# Legal Homebrewing on OK



## Tom (Jun 18, 2010)

OKLAHOMA LEGALIZES HOMEBREWING
Oklahoma Governor Brad Henry has signed into law legislation that makes
homebrewing beer legal in the state. House Bill 2348 officially legalized the
home production of beer for personal use in Oklahoma. Home production of wine
and cider for personal use was already legal in Oklahoma. The passage of HB
2348 leaves *Alabama and Mississippi as the only remaining states where the
homebrewing hobby is not yet legal*. The U.S. government made homebrewing
legal on a federal level in 1979.


----------



## Malkore (Jun 25, 2010)

Do they require a permit? I remember reading about OK earlier this year and they were going to make you pay for a homebrewing permit/license (not that it'd be enforcable)


----------



## Tom (Jun 25, 2010)

So what if they do. Here in NJ its required. 98% dont get one.
Now if this is a BOP they will require you get one.


----------



## Tom (Jun 25, 2010)

Anyther question comes to mind. Is it legal to make wine in OK ?


----------



## Mud (Jun 25, 2010)

The quote you posted says wine and cider were already legal. Odd that beer wasn't legal.


----------



## Tom (Jun 25, 2010)

So it is.. Missed that sentence.


----------



## Wade E (Jun 25, 2010)

Dont understand why you would ne a permit to brew beer if yo dont need one to make wine. Most beers have less abv so thats just silly! Its about time OK catches up with the rest of the US!


----------



## Tom (Jun 25, 2010)

Here in NJ you do


----------



## Wade E (Jun 25, 2010)

Maybe I do to, never heard of such a thing though! Huh!


----------



## myakkagldwngr (Jun 26, 2010)

I just wish all the States would take the next step for us hobbiers,,,, but I figure it will never happen.
It's really funny to me that one of my old relatives from years back,,,, (well known name at that)
spent his career smashing up the breweries and the importation business back during prohibtion.


----------



## closetwine (Sep 30, 2010)

Everyone here in OK has been doin' it for YEARS... No one around here will enforce the laws.

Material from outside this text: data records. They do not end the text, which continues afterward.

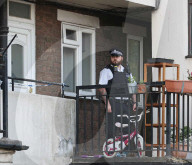 Mitcham incident: Child, 4, dies and woman fights for life after being found injured in south London home
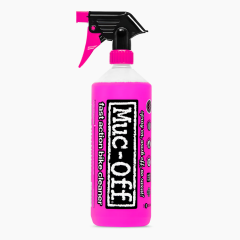 Muc-Off Nano Tech Bike Cleaner Temizleme Sıvısı - 1L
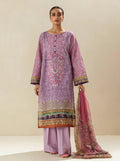 Morbagh | Lawn Collection 24 | LAVENDULA LOOP - House of Zarish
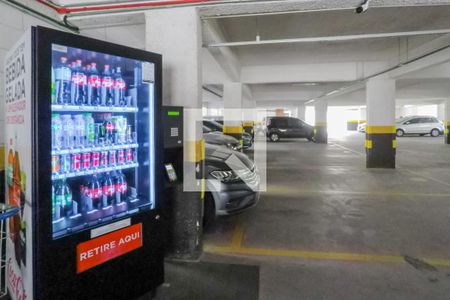 Apartamento à venda com 68m², 2 quartos e 1 vagaGaragem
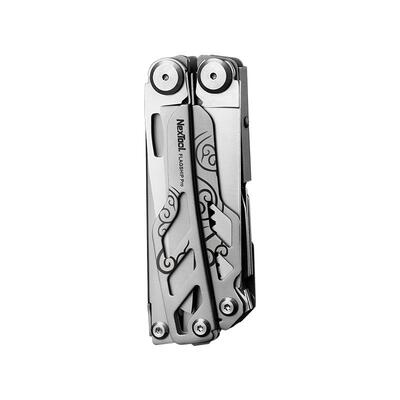 NexTool纳拓户外祥云版多功能钳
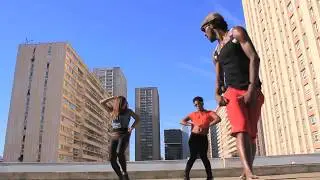 Mun G & Kemishan - Big Bumper (Dance Video) DjFx Selecta (Empire Deejayz) #2017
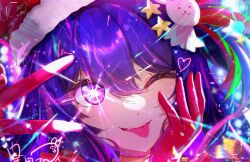 hoshino ai from oshi no ko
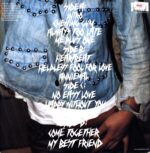 Annie-Anniemal-LP Vinyl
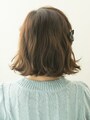hair make TOMO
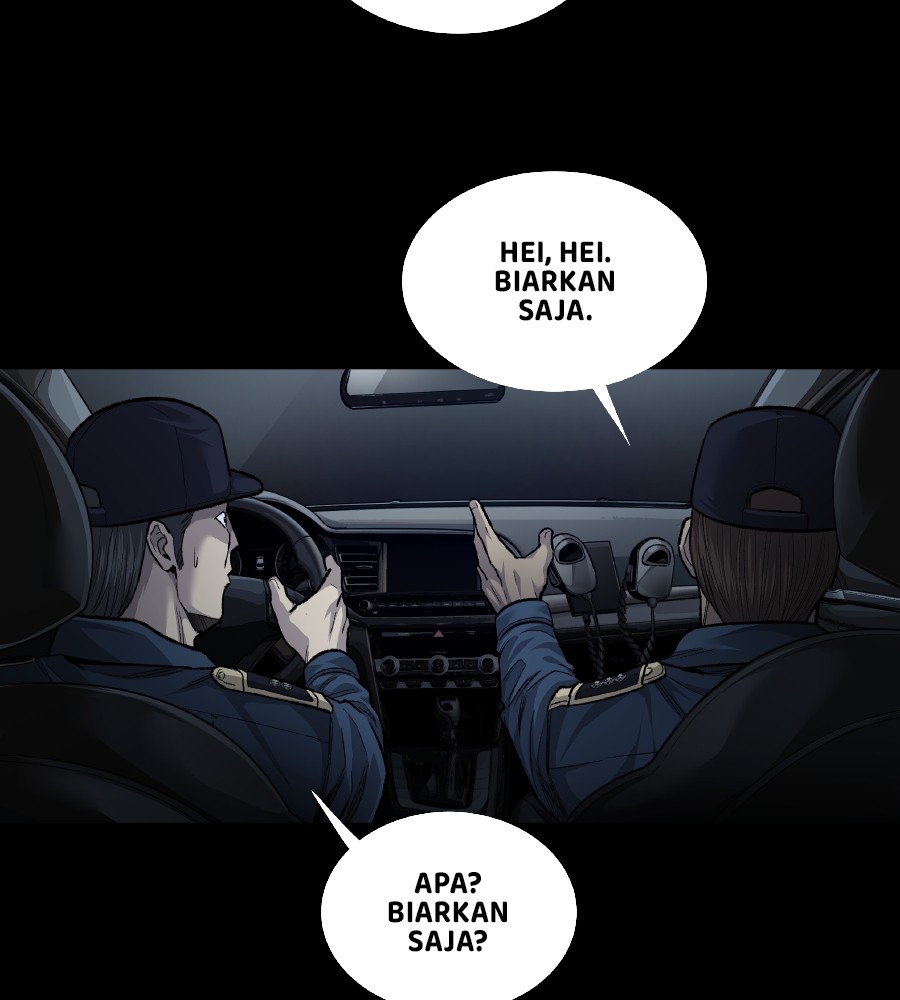 Vigilante chapter 70 halaman 58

Hell, the cops will drink one with you!


----------



## Wade E (Sep 30, 2010)

Thats good cause its just silly that places with these laws still exist. Prohibition is over!


----------



## closetwine (Sep 30, 2010)

I'm in SE OK though It may be diff. elsewhere, but I live in Haskell County. PPL in San Diego pay high prices for weed grown here, it's supposed to be top notch. I dunno, but that tells you a little about it. No one really cares here.


----------